▶ _Data section_:
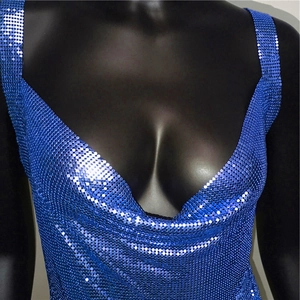 Detail of royal blue metal sequin chainmail fabric on a backless strapless dress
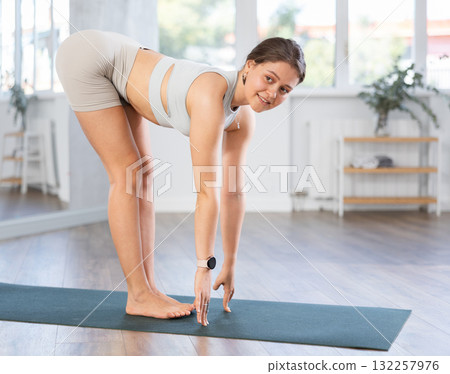 Smiling young woman doing Ardha Uttanasana in studio 132257976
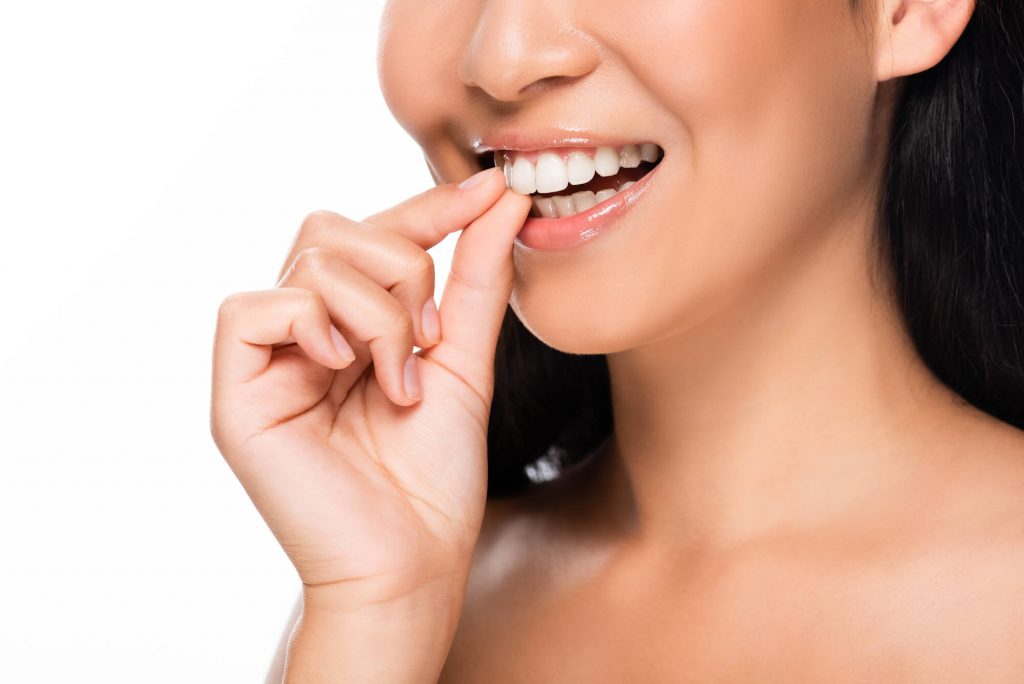 woman grabbing her teeth with veneers in Simpsonville SC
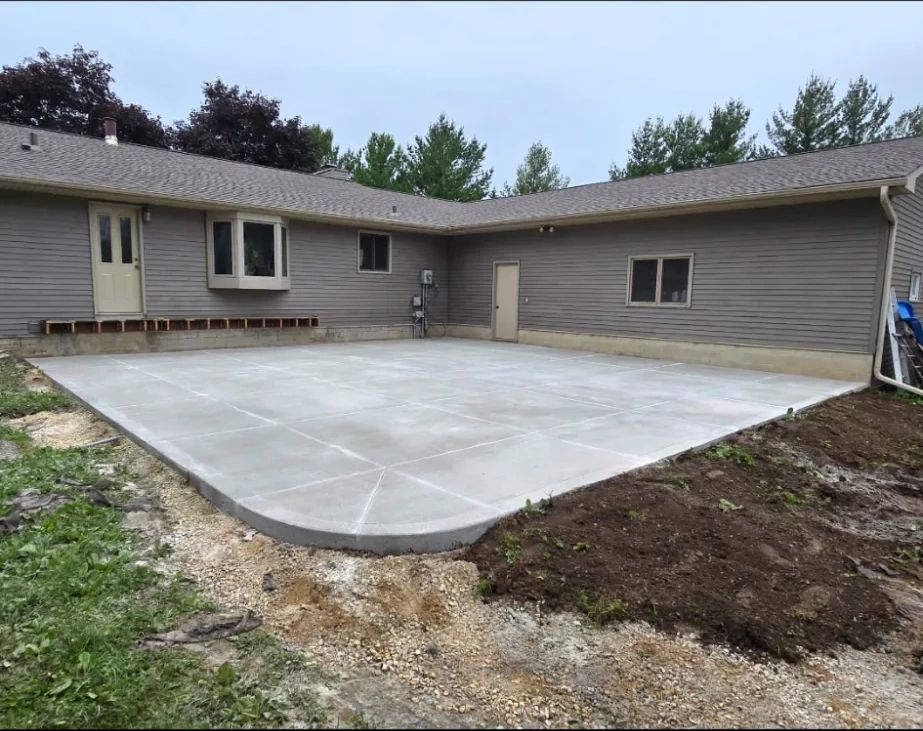 Large finished concrete back patio beside a ranch home, Owatonna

▶ _Required action_: Return exactly the lines starting at the line with "Smiling young woman" and ending at the last line of the listing, both ends included; pictures are to be left out.

▶ _Written answer_:
 Smiling young woman doing Ardha Uttanasana in studio 132257976
 woman grabbing her teeth with veneers in Simpsonville SC
 Large finished concrete back patio beside a ranch home, Owatonna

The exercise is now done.